Segment Start: Dataset records

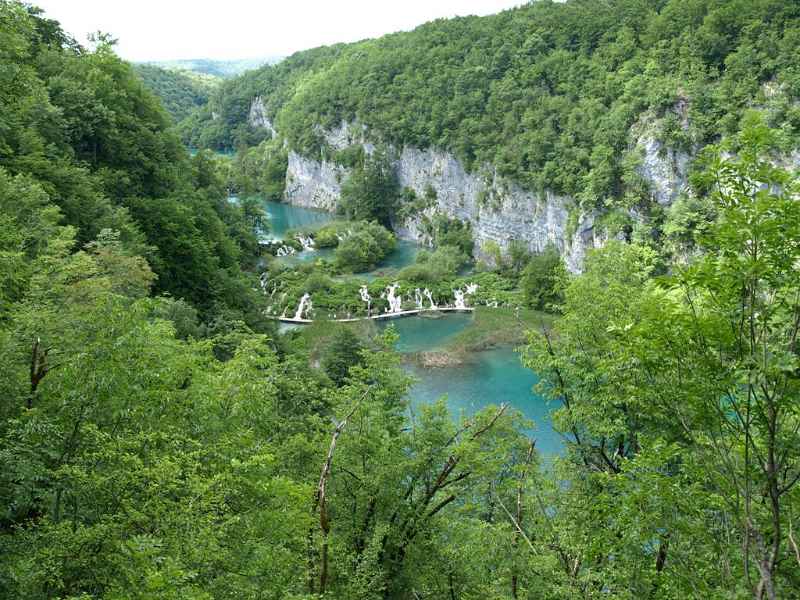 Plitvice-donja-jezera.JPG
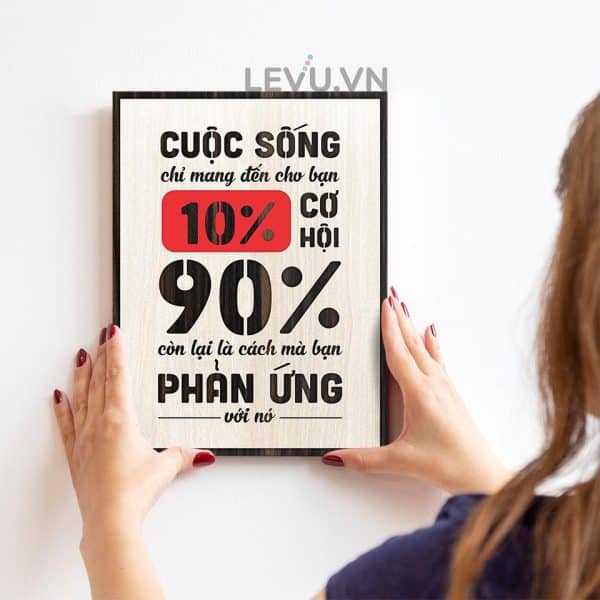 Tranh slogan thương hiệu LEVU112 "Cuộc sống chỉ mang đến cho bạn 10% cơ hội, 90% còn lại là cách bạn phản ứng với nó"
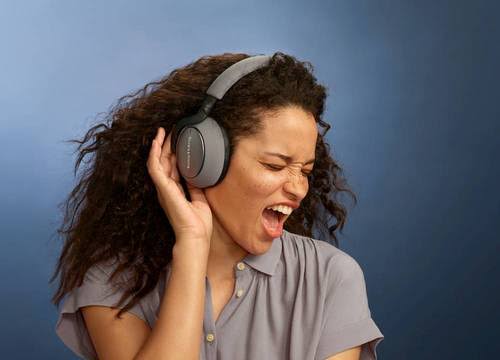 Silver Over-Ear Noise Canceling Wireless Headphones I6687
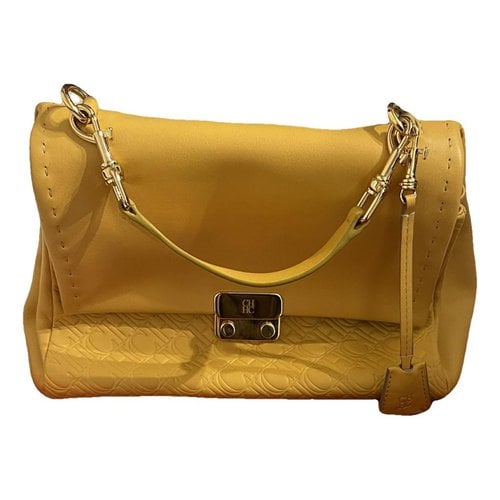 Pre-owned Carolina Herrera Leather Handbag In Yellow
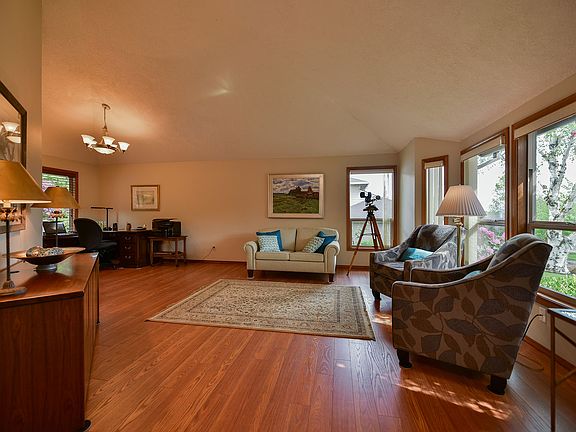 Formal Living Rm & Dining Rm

Segment End: Dataset records

What needs to be done: Repeat each record exactly as shown above, dropping all images.

Answer for this exercise:
 Plitvice-donja-jezera.JPG
 Tranh slogan thương hiệu LEVU112 "Cuộc sống chỉ mang đến cho bạn 10% cơ hội, 90% còn lại là cách bạn phản ứng với nó"
 Silver Over-Ear Noise Canceling Wireless Headphones I6687
 Pre-owned Carolina Herrera Leather Handbag In Yellow
 Formal Living Rm & Dining Rm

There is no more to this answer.